For over 50 years, Sequoia has faced its own crucible moments. When I joined in
2003, the scars of the 2000 dot-com crash remained fresh. Most firms had
afforded themselves a “mulligan,” telling LPs that funds raised in the lead-up
to the crash had been written off. Sequoia chose to do the opposite. We
forfeited fees and reinvested proceeds until the funds yielded gains for our
LPs. The decision established a defining principle that we would not let our
clients lose money and helped crystallize core values of performance and
stewardship that still guide us today.

More recently, we have made foundational changes: we established the Sequoia
Capital Fund, an innovative open-ended structure designed to weather short-term
market fluctuations in order to attain the best long-term performance. The trust
we earned with LPs following the dot-com crash and our continued performance
allowed us to pioneer this approach. And in early 2023, after 15 years of
growing leading firms under the Sequoia banner in China and India, we
collectively decided to become fully independent partnerships across all five
business units. Separating was not an obvious choice given each unit’s
success—and yet it was the right decision for enduring impact in the coming
decades.

Recognizing the opportunities and risks inherent to crucible moments is core to
how we work with founders. Each company will face a unique set of pivotal
decisions that shapes their trajectory, and we spend most of our time helping
identify and navigate them. Occasionally, we convene our companies to help them
see around corners when seismic shifts create a crucible moment for everyone—as
we did in the Global Financial Crisis of 2008, at the start of pandemic in 2020,
and early in the 2022 market correction.

Most recently, we convened founders at our AI Ascent event in March, 2023 to
call attention to the collective crucible moment we all currently face. The era
of low-cost capital and easy fundraising has ended; meanwhile, an era of
unprecedented innovation potential and productivity growth driven by AI is just
beginning. The convergence of these factors requires us to adapt. How we do will
define the next decade. Careers will be made. Companies will be formed that
change how we live, work and play.

We created our new podcast series, Crucible Moments, to offer a window into this
mindset and this critical aspect of company-building.
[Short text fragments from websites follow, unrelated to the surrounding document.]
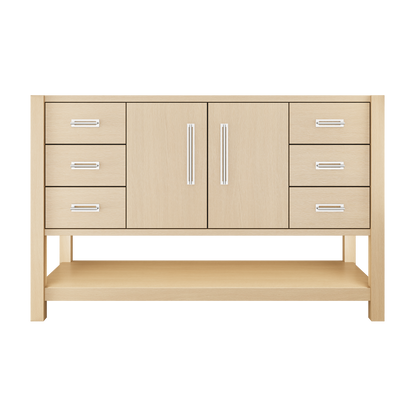 Kiawah Single Extra-Wide Bath Vanity 54in Natural Weathered Polished Chrome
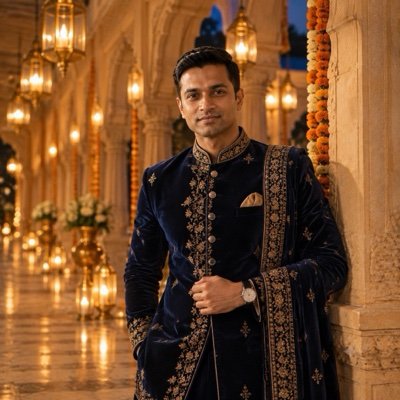 ChatGPT result: a man in a midnight-blue velvet sherwani in a lantern-lit palace corridor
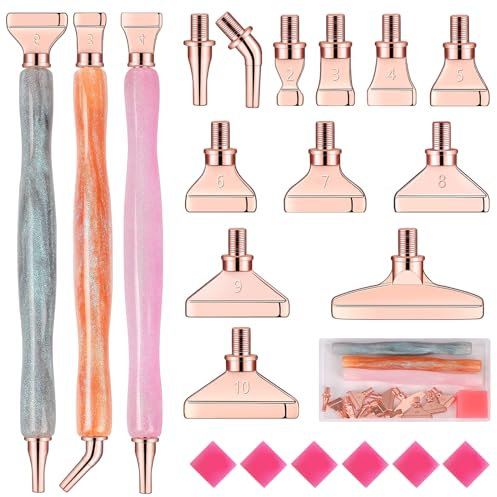 papasgix 5D Diamond Painting Zubehör Stift Set, DIY Diamond Painting Pen Werkzeuge, Painting Tools Drill Pen mit Metall Ersatz Stiftköpfen für Mosaikherstellung(22PCS Rosa Gold Grau Silber)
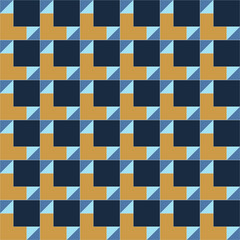 Fototapeta premium Abstract seamless geometric pattern in blue and beige color. Op art background. 3D square geometric design.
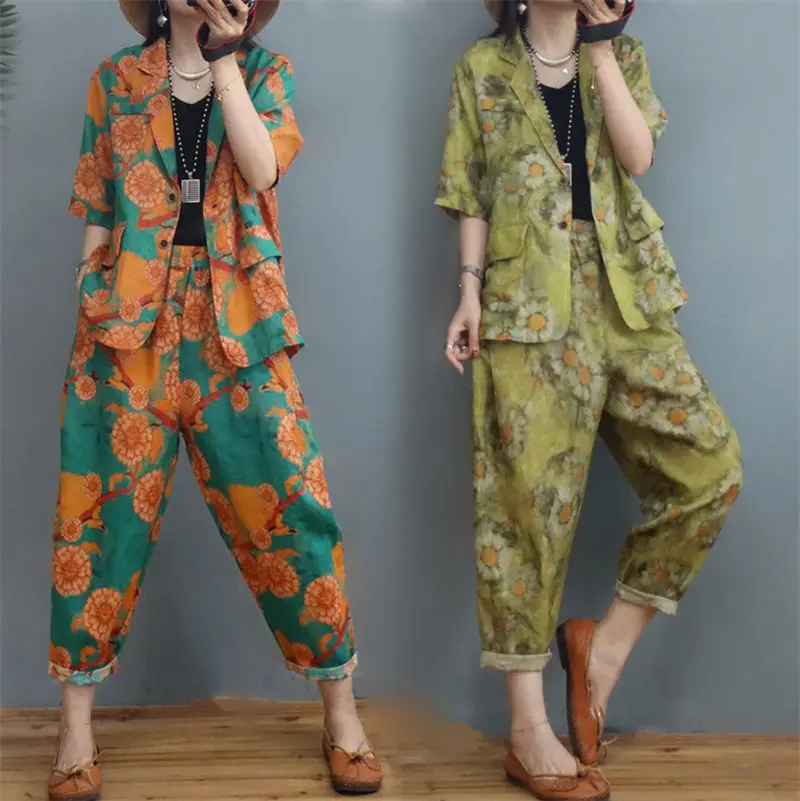 

Casual Pants Suit 2023 Spring And Summer Vintage Cotton And Line Printed Blazer Coat Trousers Two-Piece Set Tracksuit Z413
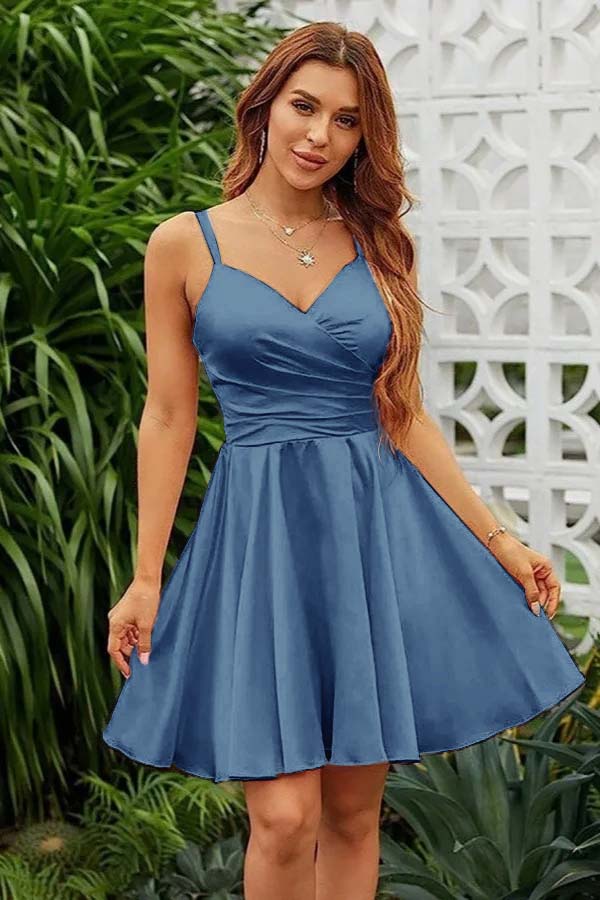 Fashion Pink Spaghetti Strap Homecoming Dress V Neck Prom Dress YZTS072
Legendary founders like
Max Levchin of PayPal, Jack Dorsey of Block, Jensen Huang of Nvidia, Anne
Wojcicki of 23andMe, Brian Chesky of Airbnb and Julia Hartz of Eventbrite will
bring you inside their decision-making and reveal how they navigated the
crucible moments that shaped their journeys. Jensen will break down that pivotal
pursuit of AI; you’ll learn how Airbnb navigated the pandemic to emerge
stronger, and much more.

At Sequoia, we help the daring build legendary companies from idea to IPO and
beyond. We hope this series will prove useful and inspiring to a new generation
of ambitious founders—and anyone curious for a new perspective on how to
navigate the most important decisions you face when the answers are unclear.